Coastal Regulation Zone (CRZ) norms in India disallow reclamation of land. Construction of the coastal freeway would require a relaxation of the CRZ norms, as certain sections are proposed on reclaimed land. The change in norms can only be done through an amendment to the law by the Central Government. After discussing the project on 10 April 2013, the Maharashtra coastal zone management authority (MCZMA), the state's apex environment body, urged the centre to amend the CRZ notification to permit "reclamation for roads". The MCZMA stated that reclamation should not be permitted for any other development activity and that the high tide line must not be altered. The MCZMA also argued that the ring road would serve as a protection wall from inland flooding, besides being a vital road link for decongesting traffic.

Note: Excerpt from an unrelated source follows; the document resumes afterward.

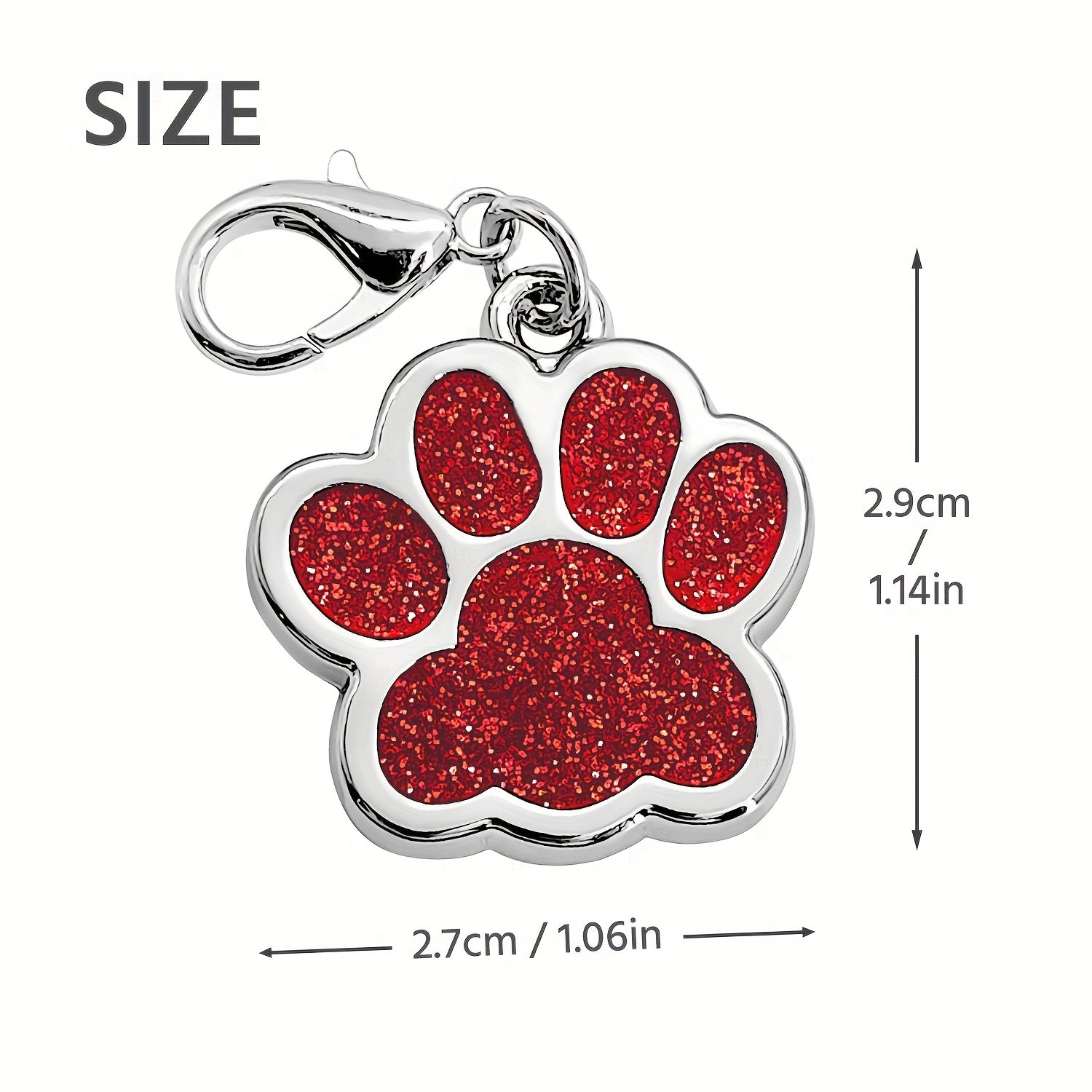 Personalized Dog Tag For Pets, Custom Engraved Dog ID Tag, Glitter Paw Print Collar Tags For Dogs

During a meeting between Prithviraj Chavan and Union environment minister Jayanthi Natarajan on 20 June 2013, Natarajan expressed concerns about the implications of relaxing CRZ norms, on creeks and mangroves. However, the minister stated that she would "put the state's proposal at the next meeting [24 June 2013] of the National Coastal Zone Management Authority". However, despite specific assurance from the minister, the National Coastal Zone Management Authority (NCZMA) decided not to include the coastal road plan in their next meeting's agenda.

During the 2014 assembly elections, the BJP promised to implement the project if elected. On 6 June 2015, the State Government signed an MoU with the Dutch Government for technical co-operation in implementing the project. The Netherlands is known for its environment-friendly reclamation and the use of the sea. On 8 June 2015, the coastal road project received clearance from the Union Ministry of Environment and Forests.

Initial work on the project began on 26 November 2016. Shiv Sena president Uddhav Thackeray stated that a survey of the soil at the seabed was being undertaken. The foundation stone for the project for the coastal road project is scheduled for monsoon 2017.